The way in which Google crawls forms is by taking keywords from your page, inserting them to the form, and then submitting them to the landing page. By doing this, Google hopes to uncover content which is languishing in your database or pages of results pointing to information you didn't link to directly from a currently crawled page.
In no circumstance should a webmaster rely upon Google's Form Crawling behaviour; it is not controlled and not a good way to get your content indexed. If you do not wish to link to all your pages directly then use a sitemap in XML format; Google will then use that to find all your hidden content.
Look on Google Form Crawling as a helping hand for sites which aren't as spider-friendly as they could be and nothing more. It is not a way for you to be exclusively 'allowed' to use forms for navigation – such a practice is still considered harmful.
If you've thought out your SEO well, Google will already know about all the content which you want to share; and any other URLs are most probably duplicate content or error messages you wouldn't want crawled in any case.
For the well-designed site, Form Crawling by Google is unhelpful at the least. Here are a few different methods which can help stop not only Google but also other automated spiders attempting to crawl forms dead in their tracks:
A typical HTML form tag specifies an 'ACTION' parameter, the location to which the form should be submitted. A simple way to confuse automated form crawling is by setting your action to blank and then using client-side javascript to change the action of the form.
Here's an example:
<form method=”POST”
action=””>
<input type=”text” name=”search”>
<input
type=”submit” value=”search”
onClick=”this.parentNode.action='form_processor.php';”>
</form>
The simple code above will change your form action to 'form_processor.php' at the last moment, just when the form is submitted. At present, Google's form processing code does not process this client-side javascript and will try to submit to the current page – a most unfruitful experience.
Google and other polite search engines respect robots.txt; this is a file which resides in the root of your server and specifies which pages can be accessed by crawlers. Just set the action of your form to a script within a directory you have Disallow-ed to spiders and they will not submit the form.
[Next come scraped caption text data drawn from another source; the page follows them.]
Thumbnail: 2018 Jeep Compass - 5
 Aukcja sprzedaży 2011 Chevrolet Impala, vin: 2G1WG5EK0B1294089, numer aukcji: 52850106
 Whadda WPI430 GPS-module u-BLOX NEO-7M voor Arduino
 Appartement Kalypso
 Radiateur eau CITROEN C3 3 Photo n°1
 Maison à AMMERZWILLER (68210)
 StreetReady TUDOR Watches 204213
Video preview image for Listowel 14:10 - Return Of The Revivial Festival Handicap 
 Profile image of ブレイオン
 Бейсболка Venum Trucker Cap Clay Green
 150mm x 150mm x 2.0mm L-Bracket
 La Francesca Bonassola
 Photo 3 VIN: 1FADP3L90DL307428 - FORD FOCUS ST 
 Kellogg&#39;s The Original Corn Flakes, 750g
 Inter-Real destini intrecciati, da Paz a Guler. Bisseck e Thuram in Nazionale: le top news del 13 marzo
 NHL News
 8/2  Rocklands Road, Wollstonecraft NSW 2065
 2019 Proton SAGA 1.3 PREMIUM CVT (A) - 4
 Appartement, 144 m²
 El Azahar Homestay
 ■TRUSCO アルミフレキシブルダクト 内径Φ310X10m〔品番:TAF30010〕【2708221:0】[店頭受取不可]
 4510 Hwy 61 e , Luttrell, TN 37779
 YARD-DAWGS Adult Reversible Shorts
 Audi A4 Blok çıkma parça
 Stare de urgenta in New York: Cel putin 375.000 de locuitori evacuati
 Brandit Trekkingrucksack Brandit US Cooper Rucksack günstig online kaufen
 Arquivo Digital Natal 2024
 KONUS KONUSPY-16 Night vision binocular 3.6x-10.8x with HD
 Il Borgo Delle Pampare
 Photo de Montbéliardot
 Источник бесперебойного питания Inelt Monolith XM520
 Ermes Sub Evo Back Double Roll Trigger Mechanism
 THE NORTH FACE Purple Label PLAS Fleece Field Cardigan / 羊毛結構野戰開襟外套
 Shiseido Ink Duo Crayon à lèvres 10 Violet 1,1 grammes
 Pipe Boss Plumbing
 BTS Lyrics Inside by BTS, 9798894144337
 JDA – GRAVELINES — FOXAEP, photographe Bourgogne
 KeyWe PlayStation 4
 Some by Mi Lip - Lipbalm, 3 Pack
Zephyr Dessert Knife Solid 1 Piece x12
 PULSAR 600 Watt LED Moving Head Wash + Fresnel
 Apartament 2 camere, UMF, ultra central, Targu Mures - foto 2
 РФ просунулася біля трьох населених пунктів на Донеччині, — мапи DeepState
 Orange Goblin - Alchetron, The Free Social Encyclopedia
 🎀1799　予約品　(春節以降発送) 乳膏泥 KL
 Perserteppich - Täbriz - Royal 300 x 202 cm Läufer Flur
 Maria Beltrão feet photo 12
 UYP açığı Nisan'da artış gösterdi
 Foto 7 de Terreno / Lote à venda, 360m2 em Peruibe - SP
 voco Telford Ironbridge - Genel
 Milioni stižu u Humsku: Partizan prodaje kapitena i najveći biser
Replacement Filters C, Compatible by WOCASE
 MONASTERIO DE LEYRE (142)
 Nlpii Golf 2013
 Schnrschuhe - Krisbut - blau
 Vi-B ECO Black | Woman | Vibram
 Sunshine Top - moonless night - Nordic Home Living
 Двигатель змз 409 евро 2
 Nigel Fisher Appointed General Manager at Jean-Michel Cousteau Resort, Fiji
Knowing that the form is of no use to a search engine, you can take a look at the USER_AGENT data provided by each visitor through a server-side language such as PHP, and then just not output forms to known search engine spiders. This requires you to make a list of search engine user agents (the string which identifies the browser or source of the visit) and check each visit against them.
You can decrease the likelihood of your forms being crawled by not using conventional field names. In place of 'search', use an unrecognisable string of characters or a number. This is the weaker of the suggested techniques.